Hybrid Beamforming for Active Sensing using Sparse Arrays

This paper studies hybrid beamforming for active sensing applications, such as millimeter-wave or ultrasound imaging. Hybrid beamforming can substantially lower the cost and power consumption of fully digital sensor arrays by reducing the number of active front ends. Sparse arrays can be used to further reduce hardware costs. We consider phased arrays and employ linear beamforming with possibly sparse array configurations at both the transmitter and receiver. The quality of the acquired images is improved by adding together several component images corresponding to different transmissions and receptions.
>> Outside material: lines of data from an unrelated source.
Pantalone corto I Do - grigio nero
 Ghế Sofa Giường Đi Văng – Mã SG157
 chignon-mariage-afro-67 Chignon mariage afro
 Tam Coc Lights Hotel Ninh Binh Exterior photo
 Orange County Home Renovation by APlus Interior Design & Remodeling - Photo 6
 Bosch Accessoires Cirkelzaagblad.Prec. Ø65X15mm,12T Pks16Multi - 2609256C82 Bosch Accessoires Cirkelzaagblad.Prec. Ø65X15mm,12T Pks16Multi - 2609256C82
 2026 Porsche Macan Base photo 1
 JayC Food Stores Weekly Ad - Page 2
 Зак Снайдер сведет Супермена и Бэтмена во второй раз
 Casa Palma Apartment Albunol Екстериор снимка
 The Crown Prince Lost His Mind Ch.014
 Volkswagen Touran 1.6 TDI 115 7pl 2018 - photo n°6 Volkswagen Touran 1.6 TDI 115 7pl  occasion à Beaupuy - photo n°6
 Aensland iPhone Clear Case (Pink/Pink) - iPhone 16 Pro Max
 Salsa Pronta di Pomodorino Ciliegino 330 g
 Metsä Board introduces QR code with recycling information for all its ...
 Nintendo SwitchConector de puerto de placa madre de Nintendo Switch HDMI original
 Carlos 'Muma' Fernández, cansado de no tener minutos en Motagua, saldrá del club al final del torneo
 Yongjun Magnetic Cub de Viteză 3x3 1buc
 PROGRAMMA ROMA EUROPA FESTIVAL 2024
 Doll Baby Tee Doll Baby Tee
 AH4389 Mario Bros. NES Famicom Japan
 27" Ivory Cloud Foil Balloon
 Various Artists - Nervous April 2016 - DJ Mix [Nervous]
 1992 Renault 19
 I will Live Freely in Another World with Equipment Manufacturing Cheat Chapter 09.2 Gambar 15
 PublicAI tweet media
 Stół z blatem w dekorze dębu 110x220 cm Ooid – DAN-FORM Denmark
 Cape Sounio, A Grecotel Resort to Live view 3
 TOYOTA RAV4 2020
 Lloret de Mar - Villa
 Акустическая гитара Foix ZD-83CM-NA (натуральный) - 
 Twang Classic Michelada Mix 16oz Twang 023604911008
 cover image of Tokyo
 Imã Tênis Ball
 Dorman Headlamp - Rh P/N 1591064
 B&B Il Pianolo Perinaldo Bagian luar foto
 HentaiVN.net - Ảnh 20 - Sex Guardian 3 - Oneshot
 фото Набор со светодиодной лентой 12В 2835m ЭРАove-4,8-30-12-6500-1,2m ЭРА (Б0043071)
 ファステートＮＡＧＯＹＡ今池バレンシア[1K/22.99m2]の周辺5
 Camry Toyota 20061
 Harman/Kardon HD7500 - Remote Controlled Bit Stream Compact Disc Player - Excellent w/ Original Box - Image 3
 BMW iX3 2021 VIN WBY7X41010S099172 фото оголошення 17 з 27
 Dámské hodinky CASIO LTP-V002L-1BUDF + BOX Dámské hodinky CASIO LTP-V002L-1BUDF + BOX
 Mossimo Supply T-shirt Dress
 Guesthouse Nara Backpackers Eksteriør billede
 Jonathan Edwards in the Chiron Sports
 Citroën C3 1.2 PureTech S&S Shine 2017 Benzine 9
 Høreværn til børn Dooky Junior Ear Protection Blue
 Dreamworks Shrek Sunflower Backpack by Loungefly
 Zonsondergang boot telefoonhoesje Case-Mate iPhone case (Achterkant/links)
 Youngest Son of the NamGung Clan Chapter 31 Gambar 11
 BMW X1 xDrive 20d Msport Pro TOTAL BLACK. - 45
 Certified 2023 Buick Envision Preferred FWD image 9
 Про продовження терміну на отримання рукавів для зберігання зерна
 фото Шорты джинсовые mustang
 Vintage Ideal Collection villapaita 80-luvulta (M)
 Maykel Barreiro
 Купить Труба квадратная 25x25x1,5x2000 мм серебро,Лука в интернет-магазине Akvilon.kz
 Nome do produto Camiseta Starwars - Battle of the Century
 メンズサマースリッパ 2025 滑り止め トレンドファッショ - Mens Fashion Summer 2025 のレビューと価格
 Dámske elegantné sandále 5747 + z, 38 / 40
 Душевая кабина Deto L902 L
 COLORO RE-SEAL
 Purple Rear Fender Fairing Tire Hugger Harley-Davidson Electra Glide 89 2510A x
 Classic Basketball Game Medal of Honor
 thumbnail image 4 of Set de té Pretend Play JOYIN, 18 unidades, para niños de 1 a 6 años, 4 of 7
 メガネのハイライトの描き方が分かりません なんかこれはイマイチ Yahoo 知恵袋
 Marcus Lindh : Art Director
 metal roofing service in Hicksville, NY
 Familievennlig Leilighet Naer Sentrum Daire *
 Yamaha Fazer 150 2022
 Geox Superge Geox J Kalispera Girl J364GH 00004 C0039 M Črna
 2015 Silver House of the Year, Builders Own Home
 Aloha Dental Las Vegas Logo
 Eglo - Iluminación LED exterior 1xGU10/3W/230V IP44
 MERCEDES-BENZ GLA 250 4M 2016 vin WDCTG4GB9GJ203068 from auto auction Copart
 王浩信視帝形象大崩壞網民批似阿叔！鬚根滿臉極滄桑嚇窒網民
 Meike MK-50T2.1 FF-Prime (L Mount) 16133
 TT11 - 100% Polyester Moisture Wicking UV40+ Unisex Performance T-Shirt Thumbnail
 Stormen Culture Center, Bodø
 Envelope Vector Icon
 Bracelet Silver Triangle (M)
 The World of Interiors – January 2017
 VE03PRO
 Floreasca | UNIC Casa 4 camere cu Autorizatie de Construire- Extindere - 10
In order to limit the acquisition time of an image, we formulate an optimization problem for minimizing the number of component images subject to achieving a desired point spread function. Since this problem is not convex, we propose algorithms for finding approximate solutions in the fully digital beamforming case, as well as in the more challenging hybrid and analog beamforming cases that employ quantized phase shifters. We also determine upper bounds on the number of component images needed for achieving the fully digital solution using fully analog and hybrid architectures, and derive closed-form expressions for the beamforming weights in these cases. Simulations demonstrate that a hybrid sparse array with very few elements, and even fewer front ends, can achieve the resolution of a fully digital uniform array at the expense of a longer image acquisition time.